Data extracted from a collection:

+ + + + +

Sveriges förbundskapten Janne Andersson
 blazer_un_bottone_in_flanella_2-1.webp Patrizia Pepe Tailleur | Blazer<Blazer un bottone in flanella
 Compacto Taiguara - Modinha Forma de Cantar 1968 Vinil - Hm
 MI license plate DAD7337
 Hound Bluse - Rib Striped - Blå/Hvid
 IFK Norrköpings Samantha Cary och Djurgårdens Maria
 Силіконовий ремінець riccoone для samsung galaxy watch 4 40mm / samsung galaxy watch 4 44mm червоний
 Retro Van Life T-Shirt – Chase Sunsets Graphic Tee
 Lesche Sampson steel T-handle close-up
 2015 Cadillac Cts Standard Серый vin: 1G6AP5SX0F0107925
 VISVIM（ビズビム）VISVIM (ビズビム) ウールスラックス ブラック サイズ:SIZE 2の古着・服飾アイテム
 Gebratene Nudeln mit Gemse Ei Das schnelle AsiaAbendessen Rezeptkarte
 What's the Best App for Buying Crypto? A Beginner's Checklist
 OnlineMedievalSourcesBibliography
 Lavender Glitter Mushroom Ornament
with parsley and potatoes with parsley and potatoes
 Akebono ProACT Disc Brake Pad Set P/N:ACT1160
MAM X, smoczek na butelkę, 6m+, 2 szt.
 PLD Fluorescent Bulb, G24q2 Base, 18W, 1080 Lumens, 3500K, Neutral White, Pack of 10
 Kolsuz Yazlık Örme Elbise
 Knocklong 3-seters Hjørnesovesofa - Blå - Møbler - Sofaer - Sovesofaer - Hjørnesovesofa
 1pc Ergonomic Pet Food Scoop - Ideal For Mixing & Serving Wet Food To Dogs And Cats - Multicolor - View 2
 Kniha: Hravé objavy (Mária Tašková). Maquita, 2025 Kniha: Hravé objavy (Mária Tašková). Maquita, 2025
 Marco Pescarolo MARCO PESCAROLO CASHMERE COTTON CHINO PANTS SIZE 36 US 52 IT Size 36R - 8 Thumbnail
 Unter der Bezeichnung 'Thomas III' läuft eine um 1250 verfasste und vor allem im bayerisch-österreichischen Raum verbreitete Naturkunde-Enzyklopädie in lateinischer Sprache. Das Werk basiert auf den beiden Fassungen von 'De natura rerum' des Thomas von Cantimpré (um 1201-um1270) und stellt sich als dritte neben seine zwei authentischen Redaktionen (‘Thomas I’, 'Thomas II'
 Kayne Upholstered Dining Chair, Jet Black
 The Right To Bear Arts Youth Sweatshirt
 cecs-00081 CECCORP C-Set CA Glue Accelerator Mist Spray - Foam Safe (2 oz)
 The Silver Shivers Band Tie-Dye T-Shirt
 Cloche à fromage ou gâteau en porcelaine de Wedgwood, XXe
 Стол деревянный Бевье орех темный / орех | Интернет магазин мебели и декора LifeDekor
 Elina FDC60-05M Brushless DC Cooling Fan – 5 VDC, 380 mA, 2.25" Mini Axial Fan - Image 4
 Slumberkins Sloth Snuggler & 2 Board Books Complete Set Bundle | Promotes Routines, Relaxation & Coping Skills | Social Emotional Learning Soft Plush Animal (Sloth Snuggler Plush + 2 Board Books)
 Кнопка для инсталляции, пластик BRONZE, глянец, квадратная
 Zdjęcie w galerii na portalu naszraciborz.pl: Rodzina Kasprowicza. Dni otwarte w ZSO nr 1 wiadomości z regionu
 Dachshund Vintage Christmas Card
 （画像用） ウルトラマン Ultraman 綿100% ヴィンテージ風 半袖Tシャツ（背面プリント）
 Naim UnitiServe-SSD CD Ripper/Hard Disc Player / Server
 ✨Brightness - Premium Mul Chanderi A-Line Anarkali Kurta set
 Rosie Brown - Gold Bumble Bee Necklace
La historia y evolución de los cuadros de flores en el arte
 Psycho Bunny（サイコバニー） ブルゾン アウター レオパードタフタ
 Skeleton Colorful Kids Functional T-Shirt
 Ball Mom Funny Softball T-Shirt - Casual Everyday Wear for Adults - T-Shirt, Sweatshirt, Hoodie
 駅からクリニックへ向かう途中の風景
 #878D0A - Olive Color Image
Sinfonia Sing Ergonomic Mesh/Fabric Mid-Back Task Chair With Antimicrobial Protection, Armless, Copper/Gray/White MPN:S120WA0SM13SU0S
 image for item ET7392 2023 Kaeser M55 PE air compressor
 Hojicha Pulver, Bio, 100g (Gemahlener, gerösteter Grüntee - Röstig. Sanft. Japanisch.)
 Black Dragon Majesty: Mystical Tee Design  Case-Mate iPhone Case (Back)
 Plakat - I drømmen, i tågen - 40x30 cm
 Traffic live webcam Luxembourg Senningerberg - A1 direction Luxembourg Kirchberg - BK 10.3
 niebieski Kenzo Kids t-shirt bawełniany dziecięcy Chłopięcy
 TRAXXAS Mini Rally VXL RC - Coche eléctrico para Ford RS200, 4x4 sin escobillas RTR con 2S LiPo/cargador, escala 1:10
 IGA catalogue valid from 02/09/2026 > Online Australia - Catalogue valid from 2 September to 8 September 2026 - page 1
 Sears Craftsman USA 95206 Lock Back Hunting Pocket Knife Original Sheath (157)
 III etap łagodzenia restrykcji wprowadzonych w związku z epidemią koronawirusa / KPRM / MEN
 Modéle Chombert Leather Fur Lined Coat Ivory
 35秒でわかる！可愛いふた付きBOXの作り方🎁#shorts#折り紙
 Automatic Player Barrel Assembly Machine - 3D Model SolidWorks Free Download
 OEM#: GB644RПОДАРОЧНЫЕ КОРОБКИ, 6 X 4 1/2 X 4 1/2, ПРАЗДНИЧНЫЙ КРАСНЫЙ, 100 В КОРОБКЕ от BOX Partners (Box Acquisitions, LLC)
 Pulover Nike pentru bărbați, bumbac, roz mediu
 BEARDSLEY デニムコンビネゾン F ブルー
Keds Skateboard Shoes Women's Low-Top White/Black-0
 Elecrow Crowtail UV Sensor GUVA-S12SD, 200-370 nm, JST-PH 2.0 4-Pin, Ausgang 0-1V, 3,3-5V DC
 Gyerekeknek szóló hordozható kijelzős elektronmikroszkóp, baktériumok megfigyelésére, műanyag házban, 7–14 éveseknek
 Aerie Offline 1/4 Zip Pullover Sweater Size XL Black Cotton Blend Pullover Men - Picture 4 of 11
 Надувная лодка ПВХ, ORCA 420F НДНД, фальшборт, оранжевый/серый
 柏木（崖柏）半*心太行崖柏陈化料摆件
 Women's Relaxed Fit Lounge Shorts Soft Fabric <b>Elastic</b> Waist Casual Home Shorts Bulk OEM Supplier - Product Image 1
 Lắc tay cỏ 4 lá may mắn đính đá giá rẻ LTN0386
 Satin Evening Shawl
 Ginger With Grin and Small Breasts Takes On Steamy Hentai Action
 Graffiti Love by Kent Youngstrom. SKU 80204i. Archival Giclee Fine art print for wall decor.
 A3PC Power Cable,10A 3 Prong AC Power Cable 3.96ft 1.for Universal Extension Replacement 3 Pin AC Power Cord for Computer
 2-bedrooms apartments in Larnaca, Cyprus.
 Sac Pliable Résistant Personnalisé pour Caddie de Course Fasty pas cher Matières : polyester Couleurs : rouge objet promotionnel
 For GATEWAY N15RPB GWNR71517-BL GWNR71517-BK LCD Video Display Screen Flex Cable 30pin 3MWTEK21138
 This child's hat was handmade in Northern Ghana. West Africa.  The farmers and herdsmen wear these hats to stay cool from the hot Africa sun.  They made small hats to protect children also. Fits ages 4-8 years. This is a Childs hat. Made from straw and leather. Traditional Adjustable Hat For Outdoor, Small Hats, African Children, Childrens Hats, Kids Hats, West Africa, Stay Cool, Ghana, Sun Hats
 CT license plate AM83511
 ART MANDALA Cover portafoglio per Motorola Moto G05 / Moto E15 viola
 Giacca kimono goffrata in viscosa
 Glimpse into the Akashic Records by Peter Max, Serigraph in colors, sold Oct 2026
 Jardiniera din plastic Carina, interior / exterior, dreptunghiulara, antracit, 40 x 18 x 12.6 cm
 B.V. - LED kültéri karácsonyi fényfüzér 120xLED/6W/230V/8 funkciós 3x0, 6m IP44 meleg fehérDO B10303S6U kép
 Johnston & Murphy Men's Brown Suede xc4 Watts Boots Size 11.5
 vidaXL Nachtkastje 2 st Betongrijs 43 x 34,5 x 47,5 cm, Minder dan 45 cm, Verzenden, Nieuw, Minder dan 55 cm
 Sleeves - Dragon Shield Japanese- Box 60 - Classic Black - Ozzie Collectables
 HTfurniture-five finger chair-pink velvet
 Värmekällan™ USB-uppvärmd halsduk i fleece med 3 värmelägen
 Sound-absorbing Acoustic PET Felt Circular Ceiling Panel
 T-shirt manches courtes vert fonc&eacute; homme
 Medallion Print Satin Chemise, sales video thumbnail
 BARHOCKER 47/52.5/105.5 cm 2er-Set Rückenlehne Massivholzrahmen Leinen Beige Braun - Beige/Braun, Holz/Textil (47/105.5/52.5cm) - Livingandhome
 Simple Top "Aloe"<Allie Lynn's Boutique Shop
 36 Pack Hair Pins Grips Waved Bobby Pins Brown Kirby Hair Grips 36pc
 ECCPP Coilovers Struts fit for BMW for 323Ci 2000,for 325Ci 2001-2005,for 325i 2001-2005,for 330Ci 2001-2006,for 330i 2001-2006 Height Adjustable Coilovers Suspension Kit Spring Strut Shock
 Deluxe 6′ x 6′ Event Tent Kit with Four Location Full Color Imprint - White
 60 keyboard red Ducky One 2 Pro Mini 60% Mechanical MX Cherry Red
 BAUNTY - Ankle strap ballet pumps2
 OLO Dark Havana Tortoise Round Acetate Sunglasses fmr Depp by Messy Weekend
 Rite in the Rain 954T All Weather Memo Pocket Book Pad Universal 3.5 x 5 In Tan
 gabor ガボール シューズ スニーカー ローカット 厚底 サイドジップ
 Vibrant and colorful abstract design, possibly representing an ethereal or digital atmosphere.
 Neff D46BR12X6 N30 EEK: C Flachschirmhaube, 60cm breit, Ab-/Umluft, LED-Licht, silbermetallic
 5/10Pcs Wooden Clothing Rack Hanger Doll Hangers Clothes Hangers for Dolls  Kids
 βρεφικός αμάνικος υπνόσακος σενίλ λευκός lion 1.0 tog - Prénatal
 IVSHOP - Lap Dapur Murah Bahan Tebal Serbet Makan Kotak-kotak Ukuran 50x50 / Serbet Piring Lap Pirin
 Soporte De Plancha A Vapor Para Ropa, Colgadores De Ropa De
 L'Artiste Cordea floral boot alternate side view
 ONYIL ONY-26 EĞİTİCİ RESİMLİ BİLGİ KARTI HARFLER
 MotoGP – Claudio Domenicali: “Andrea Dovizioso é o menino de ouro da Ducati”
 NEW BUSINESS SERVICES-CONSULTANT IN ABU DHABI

+ + + + +

■ **EXERCISE DIRECTIONS**: Print exactly the lines above, between the one holding "Slumberkins Sloth Snuggler" and the one holding "Кнопка для инсталляции, пластик", inclusive, and nothing besides.

■ **TASK ANSWER**:
 Slumberkins Sloth Snuggler & 2 Board Books Complete Set Bundle | Promotes Routines, Relaxation & Coping Skills | Social Emotional Learning Soft Plush Animal (Sloth Snuggler Plush + 2 Board Books)
 Кнопка для инсталляции, пластик BRONZE, глянец, квадратная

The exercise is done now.